[Saved data entries]
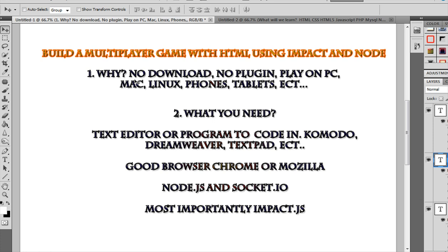Why are we going to use this? The big thing about HTML5 and JavaScript and using Impact is there's no real download. You're going to cache images like a normal website, but there's no true client download or any plug-in. As long as you're using IE9, Chrome, Mozilla, or a newer browser, you're good to go. It's Facebook compatible, it works on PC, Mac, Linux, phones, tablets — it's ready to play. You don't have to make a special version for every different type of phone. It really makes an excellent platform to work with.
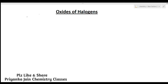Welcome to chemistry classes. I am Priyanka Jain and you are watching the chemistry of p-block elements. In this lesson we will study about the oxides of halogens — that is, oxygen and halogen compounds.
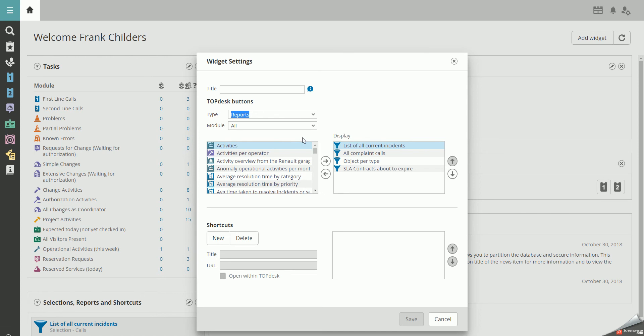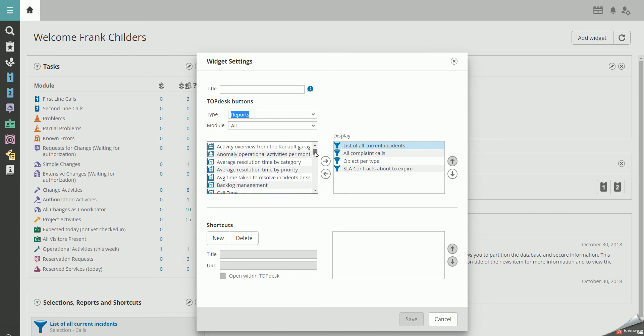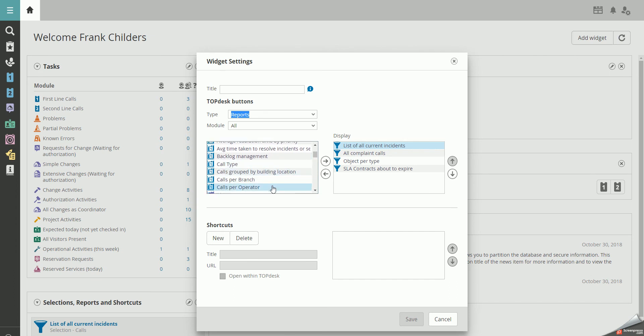In this example, we want to make the report Calls Per Operator active on the homepage. Move it to the display and press Save.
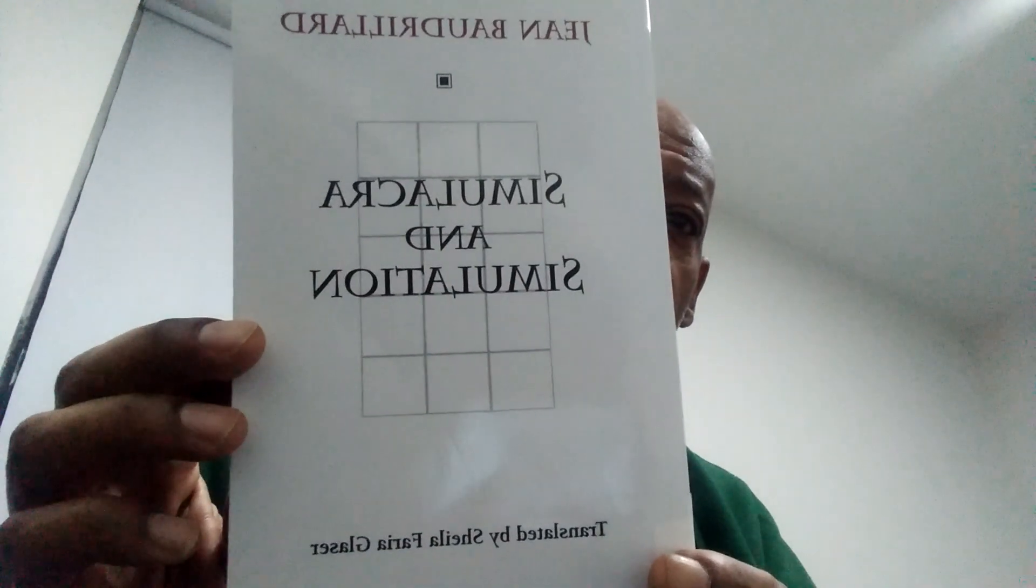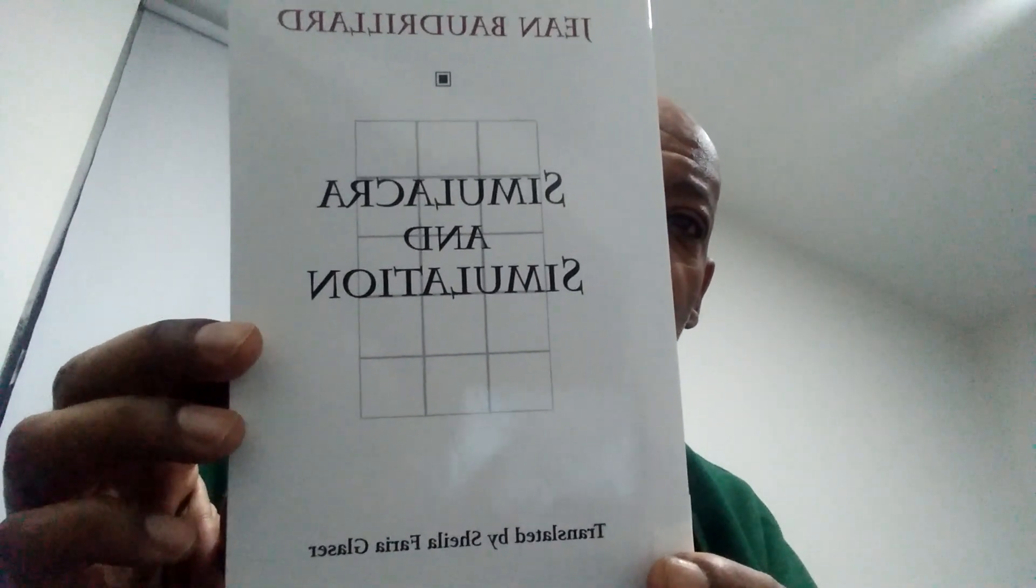Hello, we're reading from Simulacra and Simulation by Baudrillard. This chapter is called The Boberg Effect, Implosion and Deterrence.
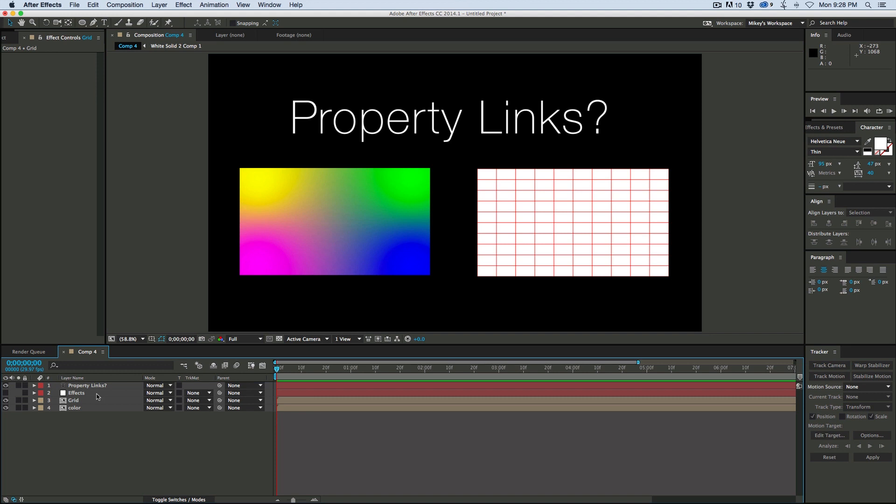If you've seen other programs out there like Fusion or if you remember Apple Shake, they're called node-based compositors where you have one node or one spot that can control many different things and we can do this in After Effects.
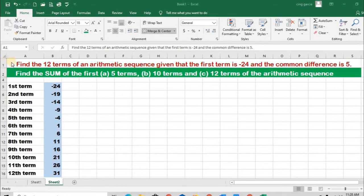In the previous part, we found the 12 terms of an arithmetic sequence given that the first term is negative 24 and the common difference is 5. For our second task, we are asked to find the sum of the first 5 terms, 10 terms, and 12 terms of the arithmetic sequence given.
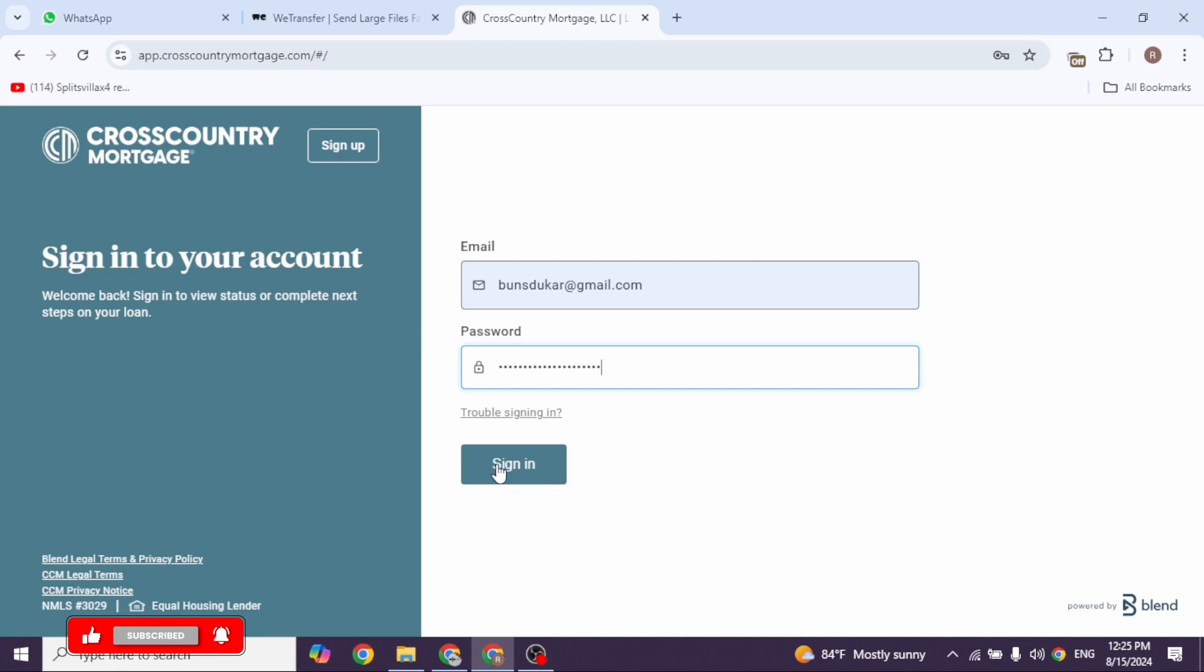With that, you'll be logged into your account. If you haven't registered for your account yet, click on the option 'sign up' and go through the registration process. So that's a wrap for this video.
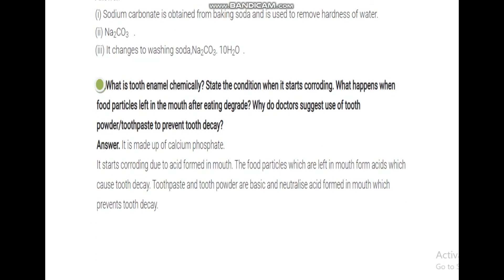What is tooth enamel chemically? State the condition when it starts corroding. What happens when food particles left in the mouth after eating degrade? Why do doctors suggest using toothpaste to prevent tooth decay? This question covers everything related to tooth decay.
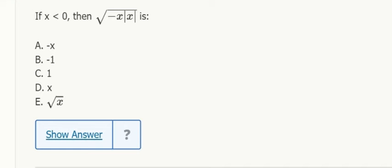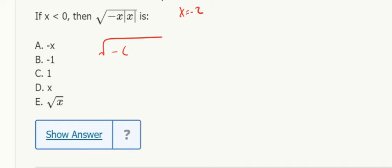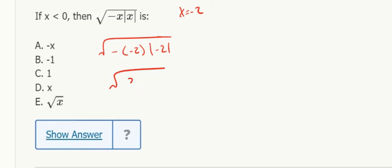So x is negative. An easy way to do this is to say x is negative 2, so if I get square root of negative negative 2 times absolute value negative 2, then I get 2 times 2 square root of 4, which is just 2.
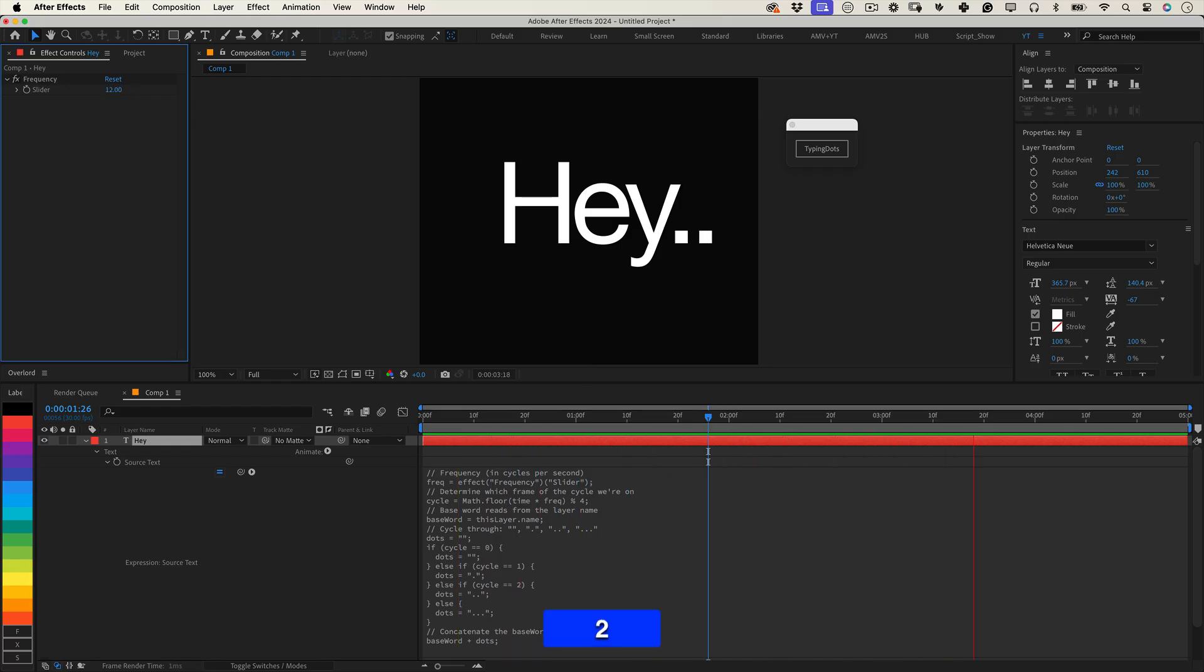And that's it. Typing Dots is available for free on my Buy Me A Coffee page. You'll find the link in the video description.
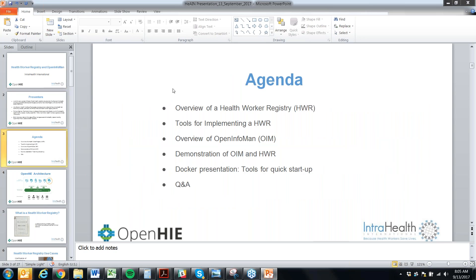Today we're going to start with an overview of a Health Worker Registry from the programmatic side — what it looks like — and share with you some tools for implementing a Health Worker Registry. Then we'll have an overview of OpenInfoMan, a demonstration of OpenInfoMan and a Health Worker Registry, and then another demonstration on Docker, some tools for starting up a Health Worker Registry quickly. We've saved time at the end for questions and answers.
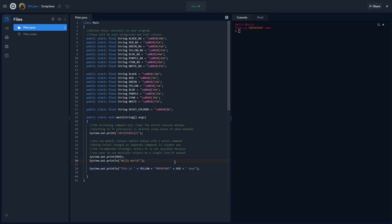So, what about if we want things to go back to normal? We're like, oh man, okay, I've played with my colors enough, I need to go back to regular text so people can understand what's going on again. So, in that case, we're going to use this reset colors variable. And all we have to do is just do a print command. System.out.print reset colors.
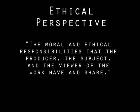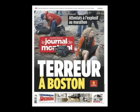Lester's fourth perspective is the ethical perspective: the moral and ethical responsibilities that the producer, the subject, and the viewer of the work have and share. This next photo comes from the front page of an international newspaper that displays an image taken moments after the tragedy at the Boston Marathon. The original photo is very graphic, and while this photo remains graphic based on its subject matter, the paper has muted certain graphic elements with the placement of text and by changing the photo to be more grey-based in color.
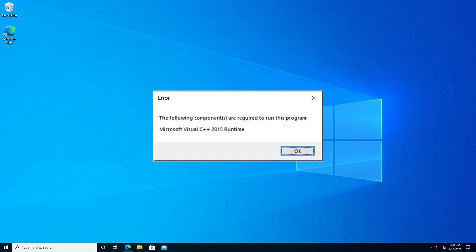For example, if you try to run or install a program and you're getting this error message stating the following components are required to run this program, and it requires you to install Microsoft Visual C++ 2015 runtime.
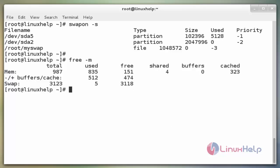These are the steps to create additional swap space in CentOS. Thank you, I'll see you guys in the next one.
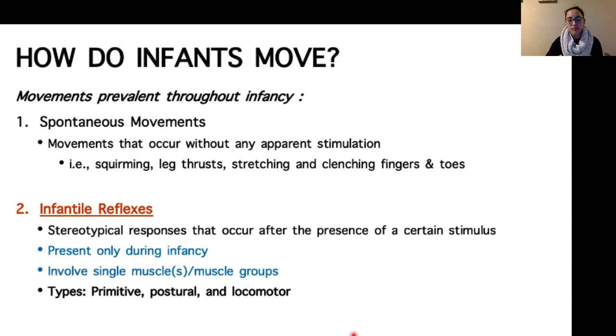These three types of reflexes will be explored in more depth — with specific examples and how they are distinguished from one another — in the next video.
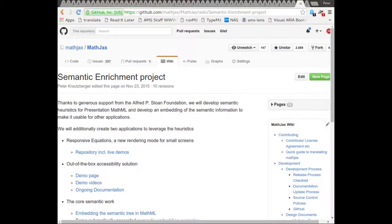Welcome to a short demonstration of the new MathJax out-of-the-box math accessibility solution. This JavaScript tool provides speech text, navigation and exploration of mathematics, and can be used on any website.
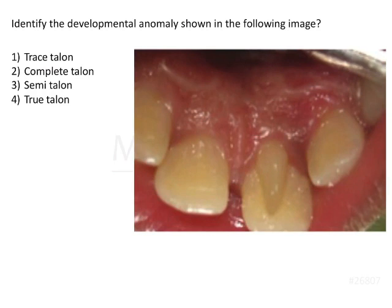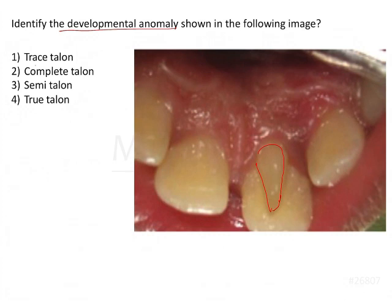This is an AIMS question. The question asks to identify the developmental anomaly as shown in the figure below. They have shown a talon's cusp and want to understand the type of talon shown.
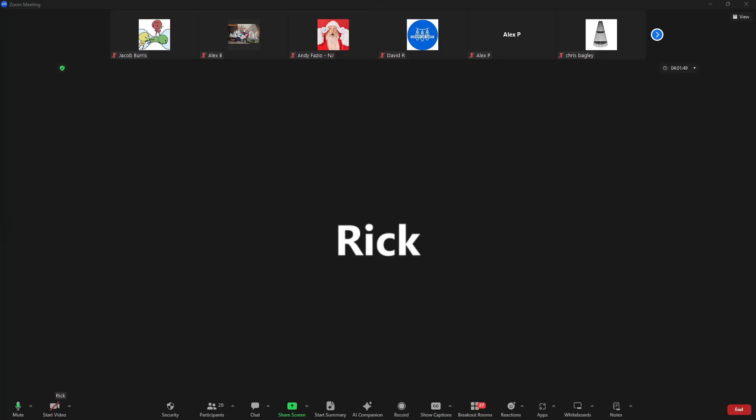Good evening everybody. Tonight we have Rick Harris, who is going to teach us some of the basics of FPP — how to get it loaded and how to start playing with it. Rick, take it away.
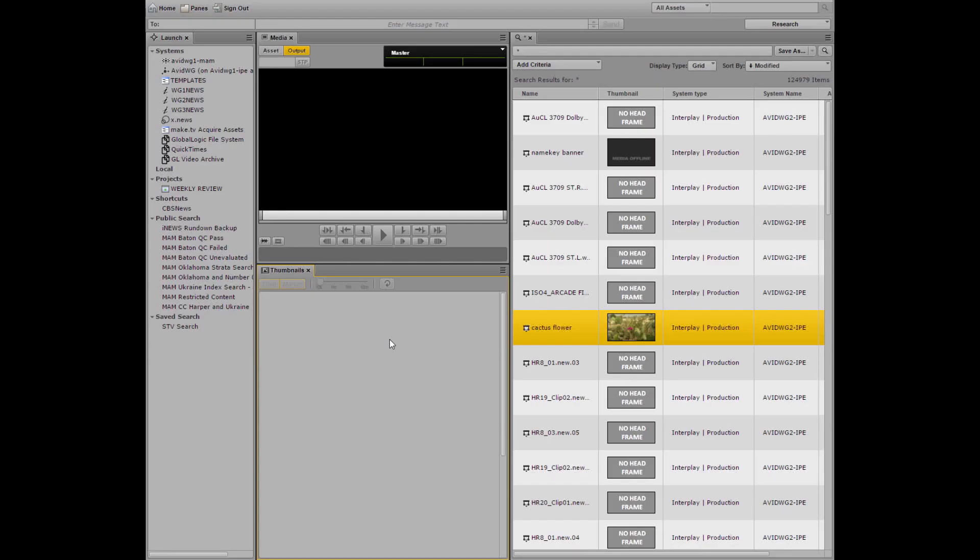So what do we mean when we talk about simplifying the workflow and giving users just a single tool to enable them to do all of their work regardless of what system they need to use? Let's give you an example and show how our Media Index search functionality in Media Central UX can do this.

• **PROBLEM**: Word for word, give again the lines from the first entry to the line with "Hello, we're reading", inclusive. Exclude the pictures.

• **ANSWER TO THE EXERCISE**:
Why are we going to use this? The big thing about HTML5 and JavaScript and using Impact is there's no real download. You're going to cache images like a normal website, but there's no true client download or any plug-in. As long as you're using IE9, Chrome, Mozilla, or a newer browser, you're good to go. It's Facebook compatible, it works on PC, Mac, Linux, phones, tablets — it's ready to play. You don't have to make a special version for every different type of phone. It really makes an excellent platform to work with.
Welcome to chemistry classes. I am Priyanka Jain and you are watching the chemistry of p-block elements. In this lesson we will study about the oxides of halogens — that is, oxygen and halogen compounds.
In this example, we want to make the report Calls Per Operator active on the homepage. Move it to the display and press Save.
Hello, we're reading from Simulacra and Simulation by Baudrillard. This chapter is called The Boberg Effect, Implosion and Deterrence.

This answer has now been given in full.